Sehr geehrte Frau Präsidentin! Liebe Kolleginnen und Kollegen!
Das Thema Antidiskriminierung scheint nun auch bei den Kolleginnen und Kollegen der CDU und FDP angekommen zu sein. Hurra! Ich verrate der Koalition kein Geheimnis, aber für alle Kolleginnen noch einmal zur Erinnerung: Berlin hat in seiner Vielfalt viele marginalisierte und vulnerable Gruppen. Rassistische, antisemitische, queerfeindliche und frauenfeindliche Hassdelikte sind Kriminalität, die wir gemeinsam bekämpfen müssen. Deshalb, liebe Kolleginnen und Kollegen der CDU- und FDP-Fraktion, herzlich willkommen auf der guten Seite! Willkommen im Jahr 2022!

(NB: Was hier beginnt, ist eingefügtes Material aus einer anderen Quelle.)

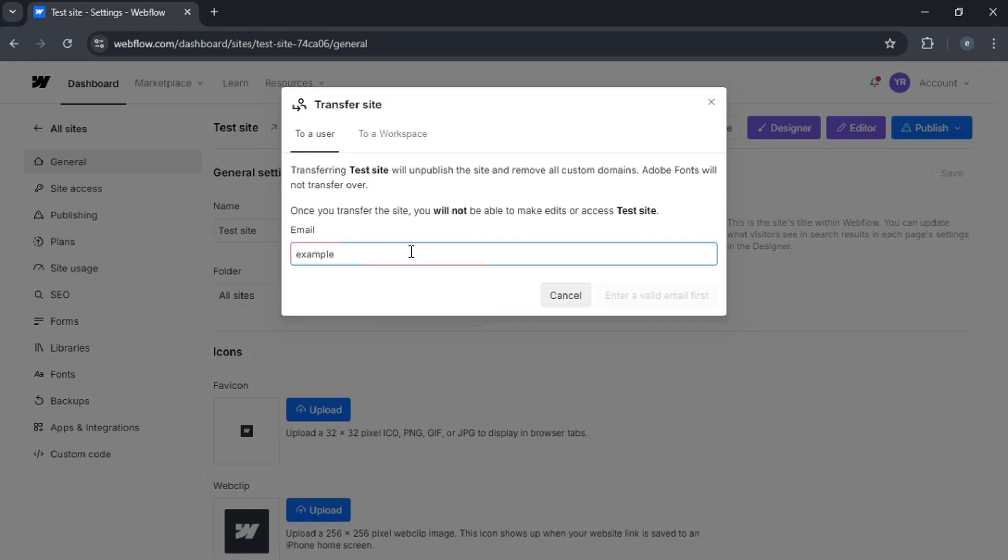The recipient will receive an email notification, and the project will appear in their dashboard.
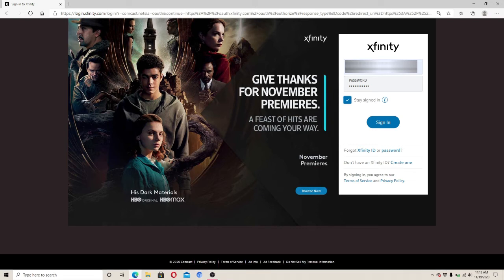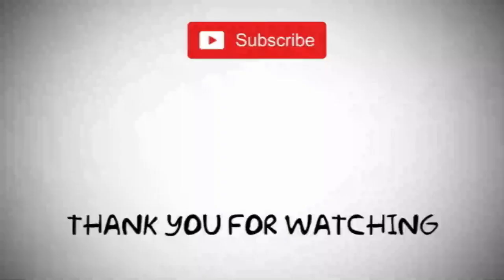You'll have no problem signing in if you have your ID and your password correct — simply click on the Sign In button and be logged into your account in no time. I hope you found the video useful; if you did, don't forget to give it a thumbs up. Comment down below if you have a question or feedback. I'll be back with more videos like this — thank you for watching.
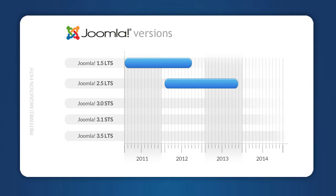If you're currently on Joomla 2.5, you could stay there, and you'll be supported until at least the end of 2013.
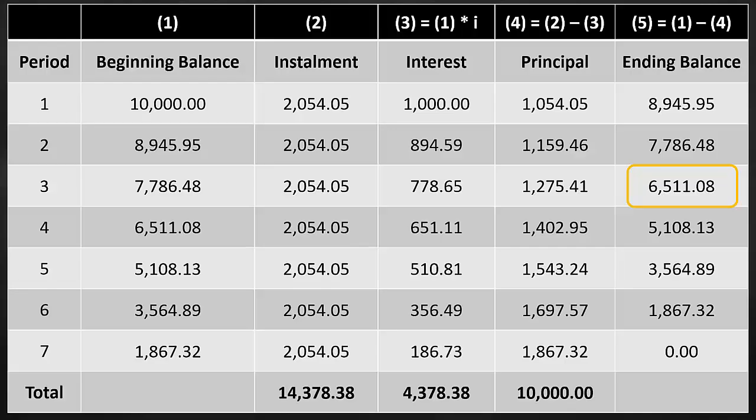Another way to check our answer is to look at the loan amortization schedule. We will find that the loan outstanding at the end of year 3, which is the ending balance, is equal to $6,511.08, which is exactly the same as our calculation from the formula.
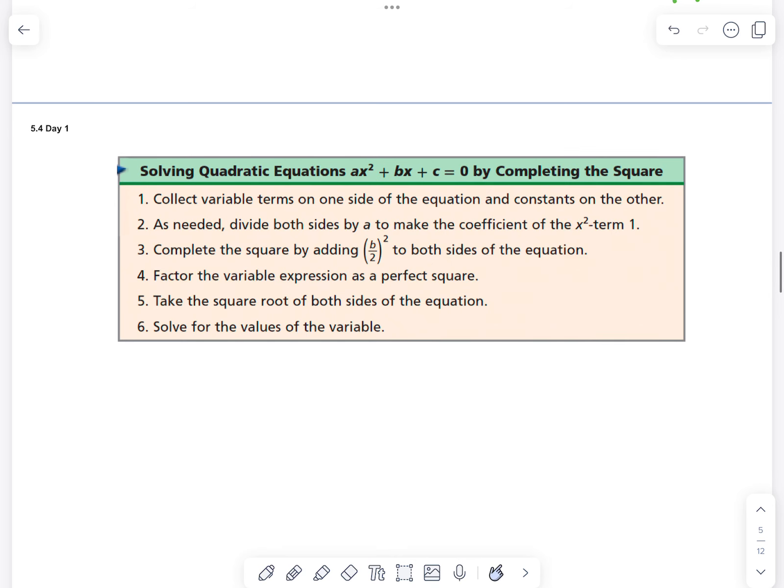Here are the steps to completing the square, and we will follow them on the next set of examples. You can go ahead and pause and read them.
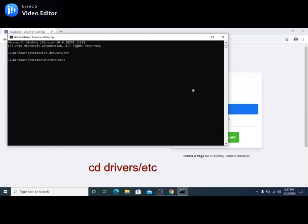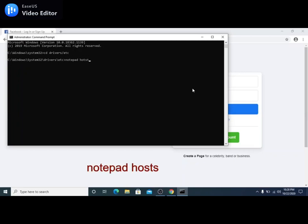Once you're in the etc folder, we need to open the hosts file. We're going to need a text editor to open and edit this file. You can use any other text editor like Sublime Text or Atom, but in this tutorial, we're going to use the notepad. So to do that, we can type notepad hosts. Then press enter.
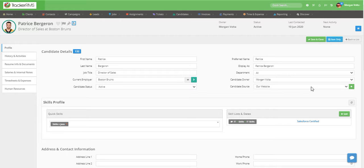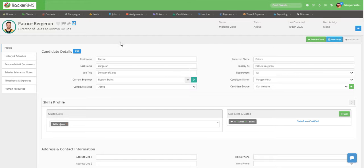Salary and Pay in Tracker RMS. Once you're in your candidate record, you'll want to locate the section where your salary and pay is.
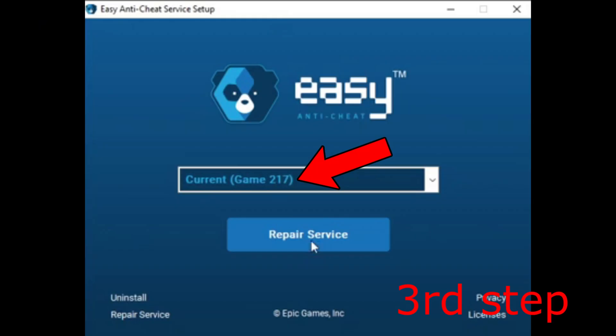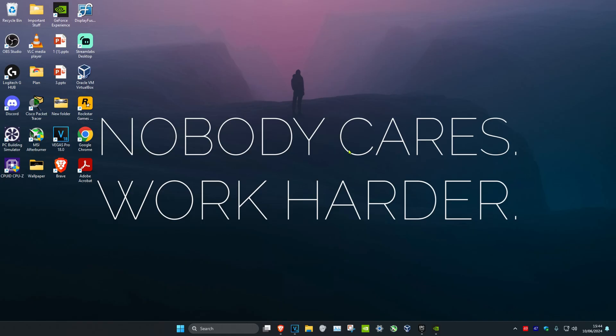Once you click on that, the Easy Anti-Cheat Setup Service should appear. Make sure that your correct game, which is Fortnite, is selected. Now click on Repair Service, which will repair the Easy Anti-Cheat Service.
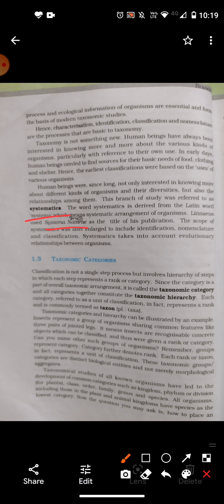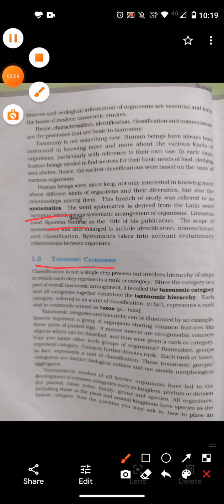So far we have studied nomenclature and binomial nomenclature, some important fine points, classification, taxonomy, and systematics. Next we are going to study taxonomic categories.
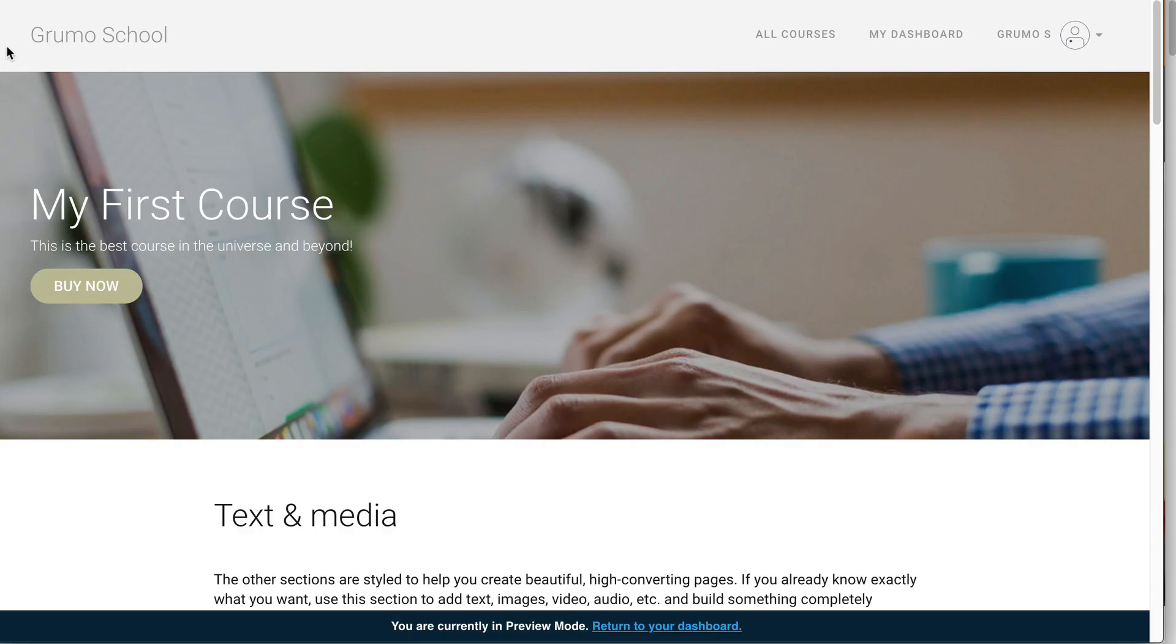And we're done. You just learned how to create an online course on Thinkific. Congratulations.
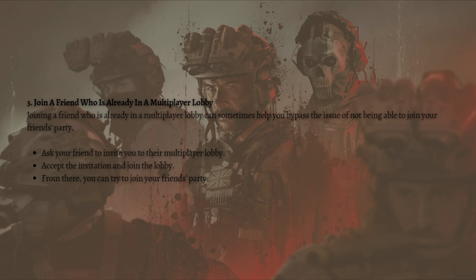That's it for this video and I hope this helped you. If it did, please make sure to like, subscribe, and hit the notification bell so you won't miss a video. Thank you so much for watching and have a great day, bye bye.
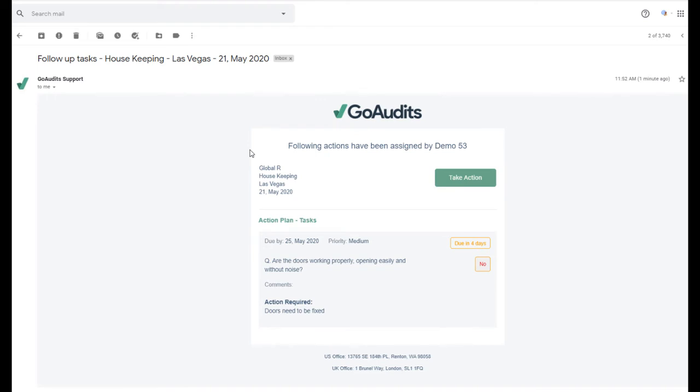the action plan assignee can take an action, can update it, attach pictures, attach comments, and close the action.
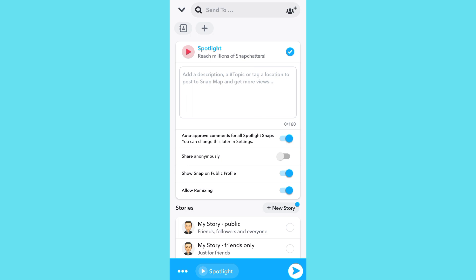Make sure Spotlight is turned on. You can add a description, a topic, a time, and a location to post on Snap Map and get more views. Then tap on the share icon. That's how you post on Snapchat Spotlight.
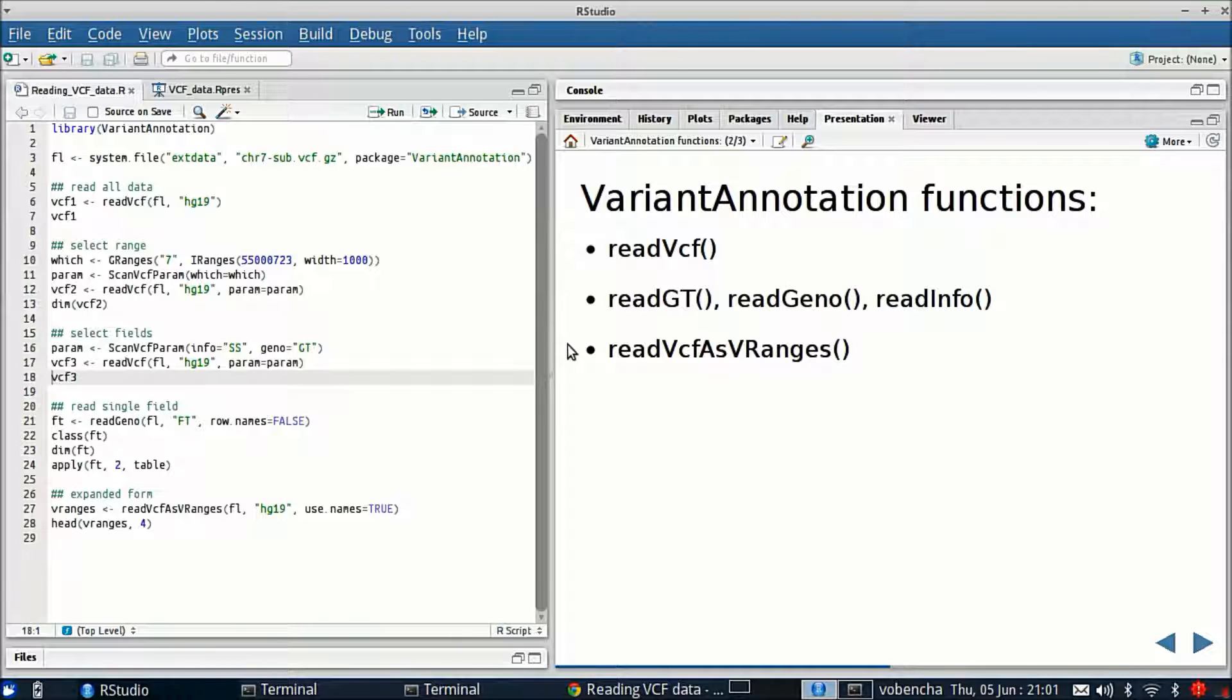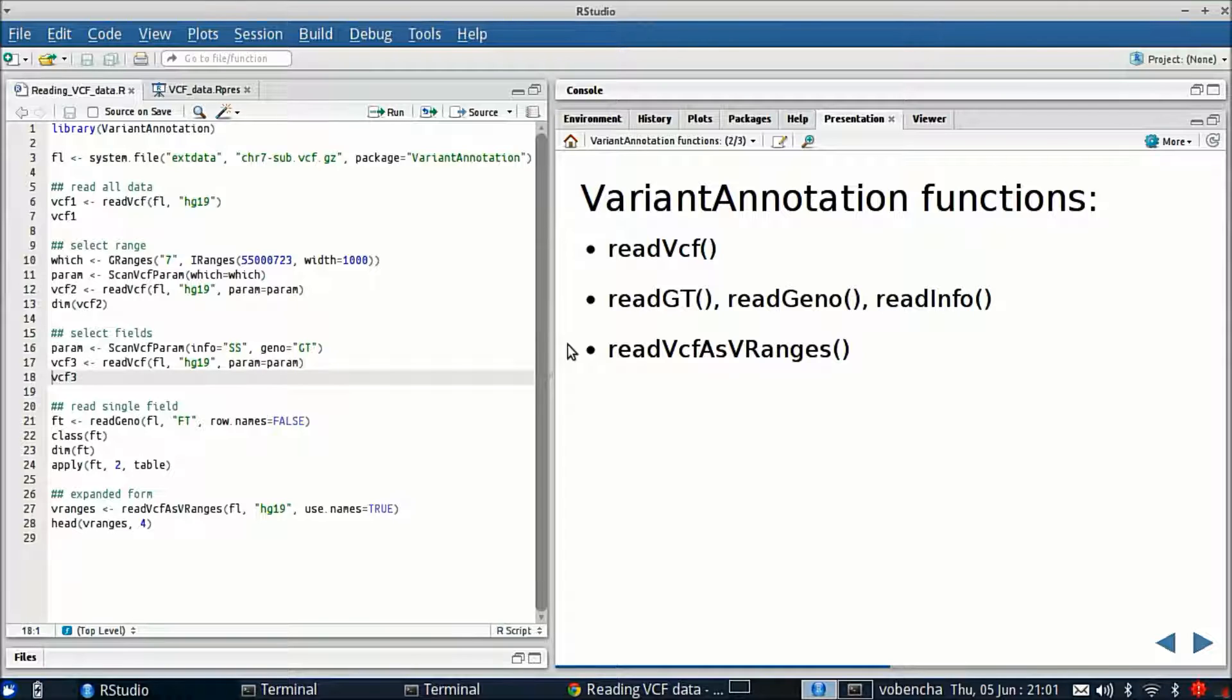The third thing is ReadVCF as VRanges and this function is a flattened form of the data. It reads it into something called the VRanges class which is an extension of GRanges for those familiar with that. It basically expands the data by sample.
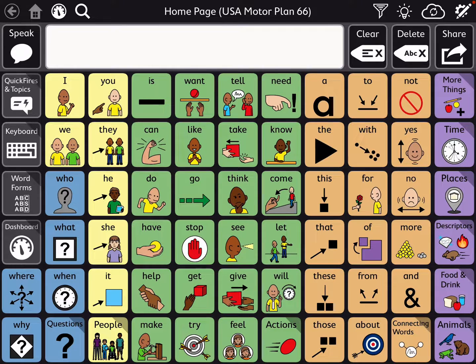Hi, this is Angela Marotta at Amazing Kids AAC Consulting. Here's a quick look at how to print a page or pages within TD Snap.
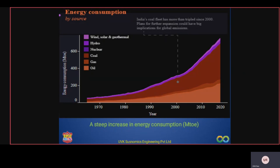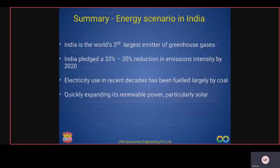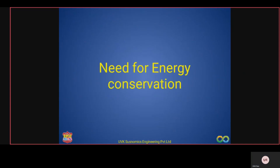In summary, sources of generation and end users have both increased, resulting in increased energy consumption. India is the world's third largest emitter of greenhouse gases and has pledged a 35% reduction in carbon emissions by 2020. Coal remains the major contributor to electricity supply, while renewable power is drastically improving and will be a core contributor in upcoming years.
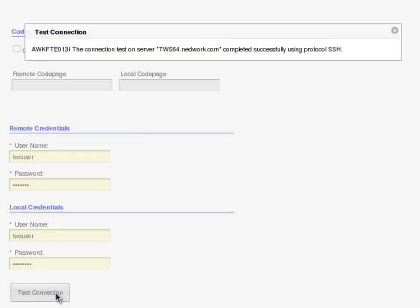Test Connection message is displayed on screen, stating that the connection test on server TWS64.network.com completed successfully using protocol SSH.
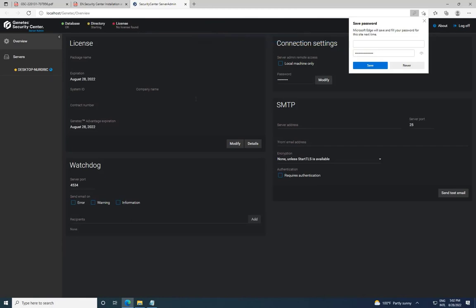Upon logging into the Server Admin for the first time, you will see the dashboard. If you notice that only the database is marked as OK, while the directory and license components show as not OK.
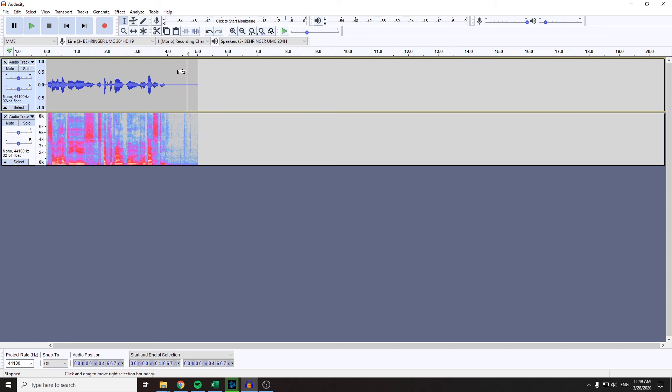So this is pretty much how you use spectrogram and a little trick on how you can use it simultaneously with waveform on Audacity.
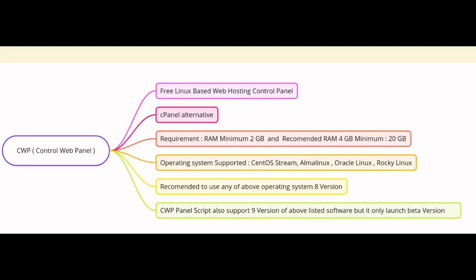While CWP panel scripts are also available for version 9 of these operating systems, it is currently in beta. This means there may be bugs and unexpected behavior. For the most stable experience, we highly recommend sticking with version 8.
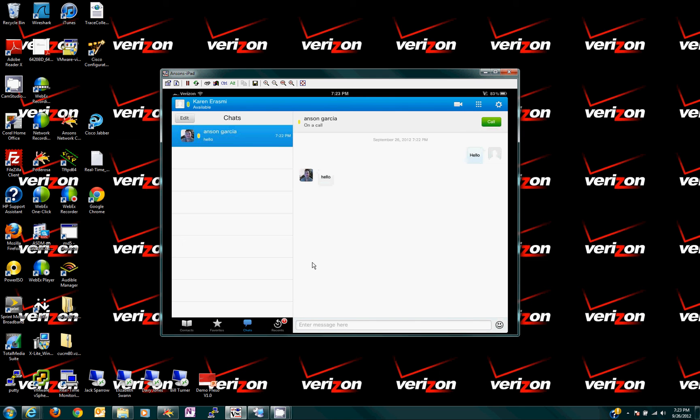Karen, you're at me. If not available, record your message at the time. When you are finished, hang up or press pound for more options. Check. Test message for Karen Rasmie. Test, test, test. Okay, there I left you a voice message.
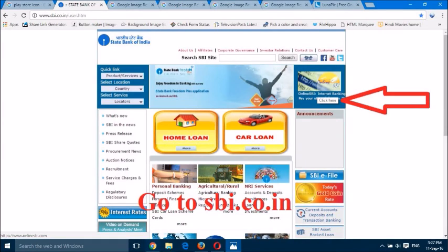Hello friends, today we are going to solve a problem related to online SBI banking. New customers who avail this facility face this problem: when they login, they don't see their account and an error message shows that the account is not mapped. We are going to solve this problem.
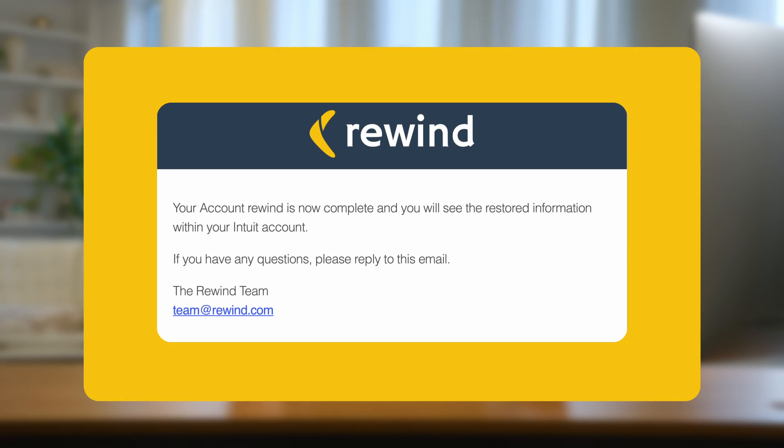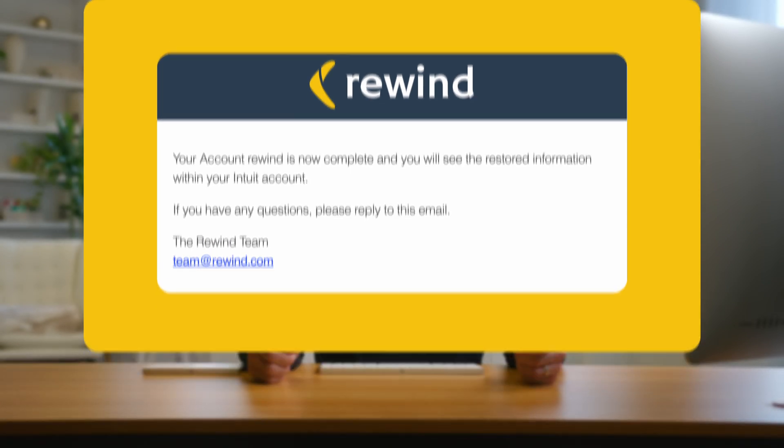The restore time also depends on the speed of your internet connection and the speed limitations of Intuit's API, which is how Rewind's app is able to connect to QuickBooks Online. When your restore is complete, you'll receive an email confirmation to the address associated with your Rewind account. Congratulations — you have successfully restored a single item using Rewind Backups for QuickBooks Online.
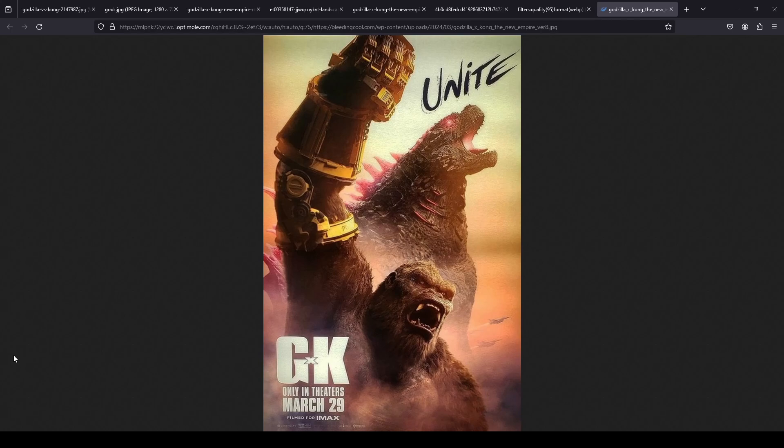But, I just like GXK more. It, I personally, I'm not saying that it's a better film, but, in terms of monster action, way better. Alright, I hope I didn't make some, I hope, I didn't make people angry with this.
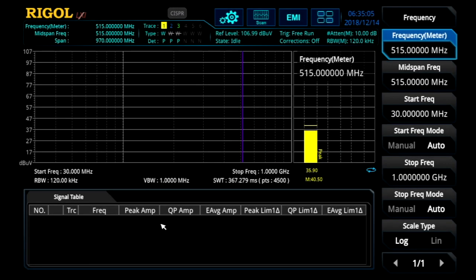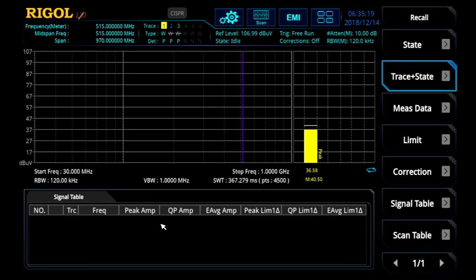Let's take a closer look at how to manage test files in the EMI measurement application on the RSA series spectrum analyzers. Here we are in EMI mode starting at a preset. Let's go ahead and recall a saved test file.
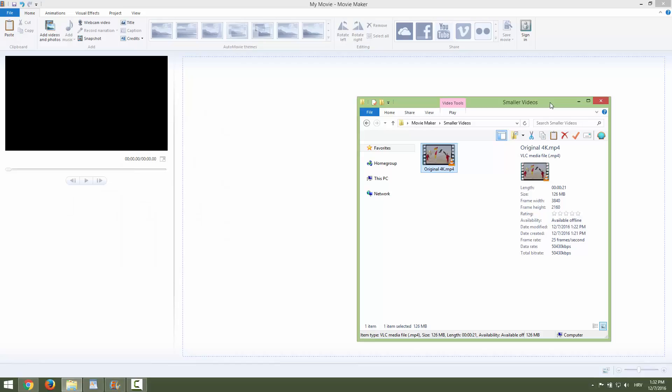Hi and welcome, today I will show you how to reduce the file size of your video.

Das Problem erkannt zu haben, ist das eine. Die glaubwürdige Präsentation adäquater Vorschläge eine vollkommen andere Sache. So bleiben Sie etwa zum von der Koalition beschlossenen Vorhaben eines Landesgesetzes zur Prävention von Gewalt und Kriminalität merkwürdig still. Dabei könnte genau dieses Gesetz eine rechtssichere Grundlage für die Zusammenarbeit staatlicher und zivilgesellschaftlicher Stellen bieten. Eines ist klar: Grund- und Freiheitsrechte müssen auch bei der Präventionsarbeit gewahrt werden – allen voran die Rechte der Opfer, aber auch die der Beschuldigten. Das ist in einem Rechtsstaat selbstverständlich.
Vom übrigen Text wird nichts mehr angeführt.